An ESXi host generates a UUID at each boot time for use with VMFS and VMFSD (vSAN) operations. Here is an example: 649ef214-#########-####-##########98

The UUID is 32 hexidecimal characters with the following layout: (Date/Time in Unix Time)-(CPU TimeStamp Counter)-(Randomly Generated Number)-(MAC Address of vmnic0)

For VMFS/VMFSD operations, this UUID is written to the metadata. When an ESXi host checks that metadata (Heartbeats, journals, file locks, etc) it validates against the last octet of the UUID, which is the MAC address for vmnic0, to understand who the owner is.
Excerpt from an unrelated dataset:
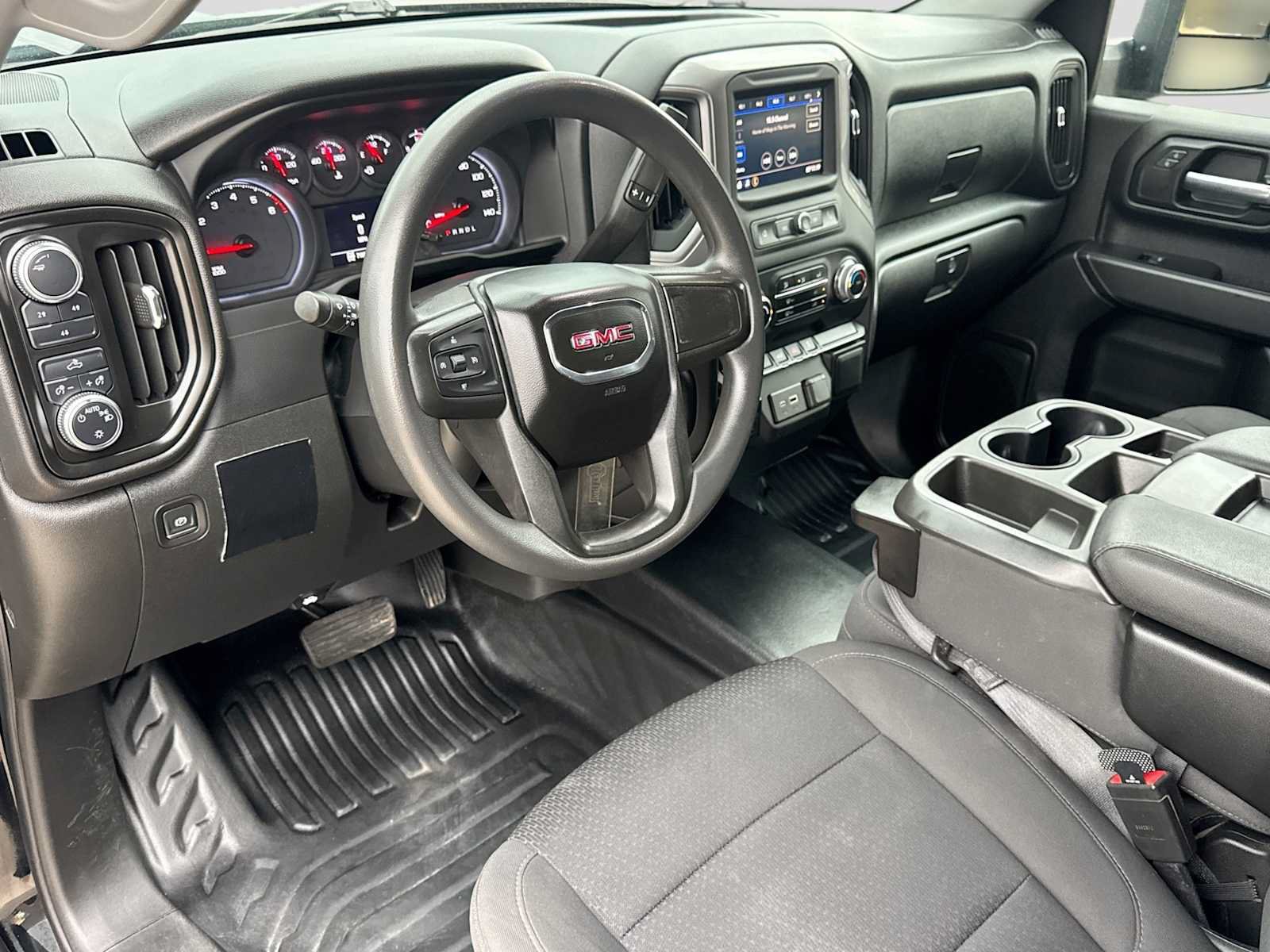 Used 2023 GMC Sierra 2500 Pro w/ Gooseneck/5TH Wheel Package AWD/4WD image 2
When more than a single ESXi host uses the same MAC address for vmnic0 in a cluster, those hosts will start to grab each others locks and replay their filesystem journals. This is where data corruption comes into play.
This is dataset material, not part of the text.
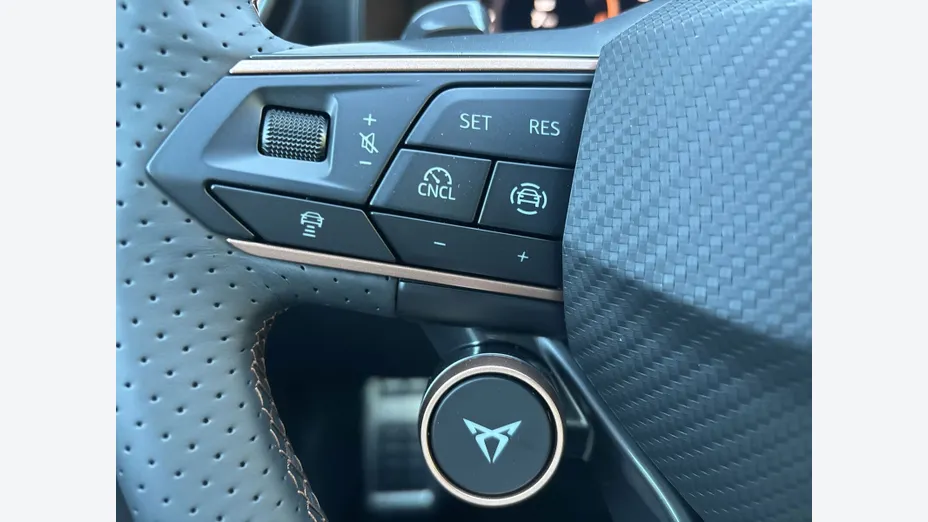 CUPRA Leon Leon 2.0 TSI 4Drive DSG Nowy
In the log example shared in the Symptoms section, we can see that two hosts (identified by IPs 10.88.136.17 and 10.88.136.21) are using the same MAC address in the UUID that they use for metadata operations:

[HB state abcdef02 offset 4112384 gen 63355 stampUS 6275570981326 uuid 649ef214-########-####-##########98 jrnl <FB 0> drv 24.82 lockImpl 4 ip 10.88.136.17]
[HB state abcdef02 offset 4112384 gen 63357 stampUS 6275592283591 uuid 649ef217-########-####-##########98 jrnl <FB 58720267> drv 24.82 lockImpl 4 ip 10.88.136.21]

Resolution

While MAC Addresses are supposed to unique, there are ways to override the MAC address given to a physical card. Typically, this is observed with blade server systems as some blade systems allow you to override the hardware MAC address (HPE Blade systems, Cisco UCS, etc). We are now seeing this with non-blade systems as well thru centralized server management software (Dell iDRAC is one example) where a servers profile can be cloned and applied to one or more physical hosts.
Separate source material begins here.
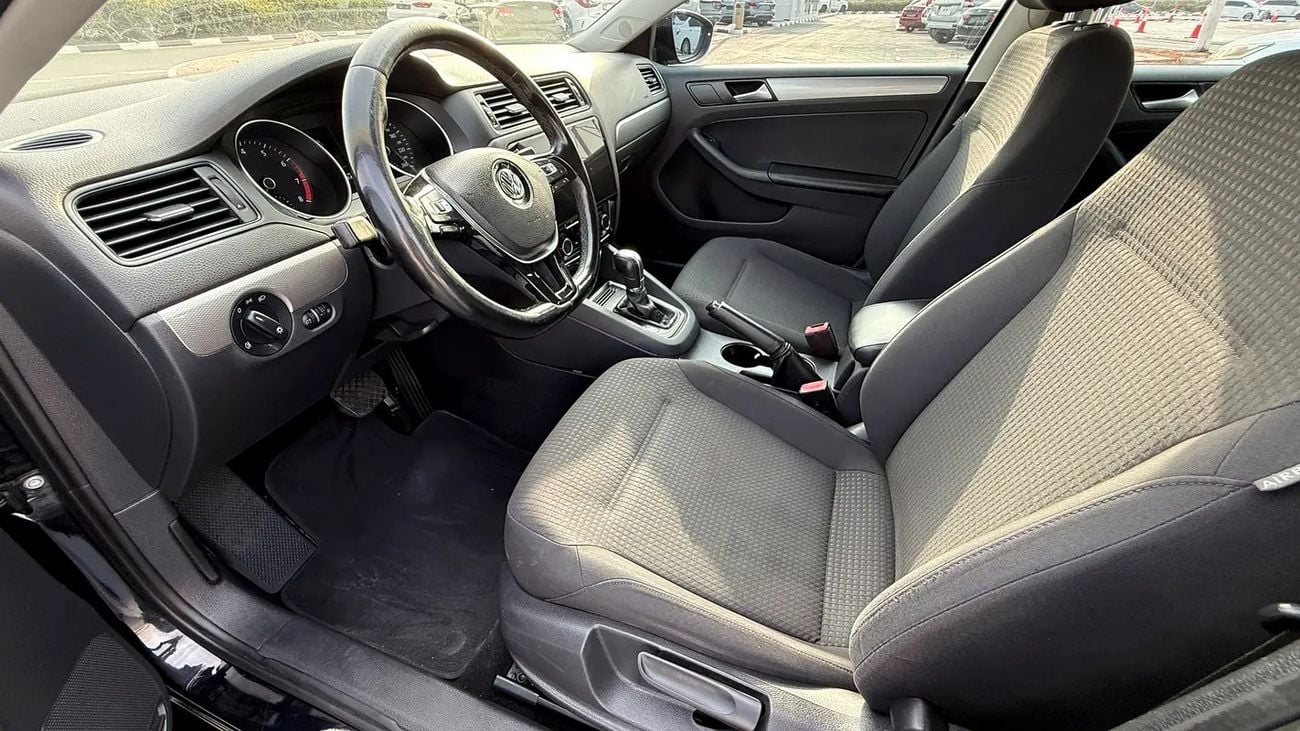 Volkswagen Jetta SE GCC Specs , excellent condition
You cannot and should not have duplicate MAC addresses in the same environment. Beyond being a best practice, this becomes an even larger problem when vmnic0 for a particular ESXi host has the same MAC address as other ESXi hosts in the same cluster since this MAC address, which is supposed to be unique, is effectively used for VMFS/VMFSD metadata operations. ESXi hosts with the same MAC address for vmnic0 will try to replay other ESXi hosts journals as well as believe that they actually own file locks, VMFS Heartbeats, or journals that aren't actually owned by them. This is an unsupported configuration and will lead to filesystem corruption.

The only resolution to this problem is to ensure the physical NICs in ESXi hosts are using unique MAC addresses. Refrain from cloning and applying server profiles from other physical servers at the server/blade level to avoid a situation where MAC addresses from other servers are cloned and used in the same environment.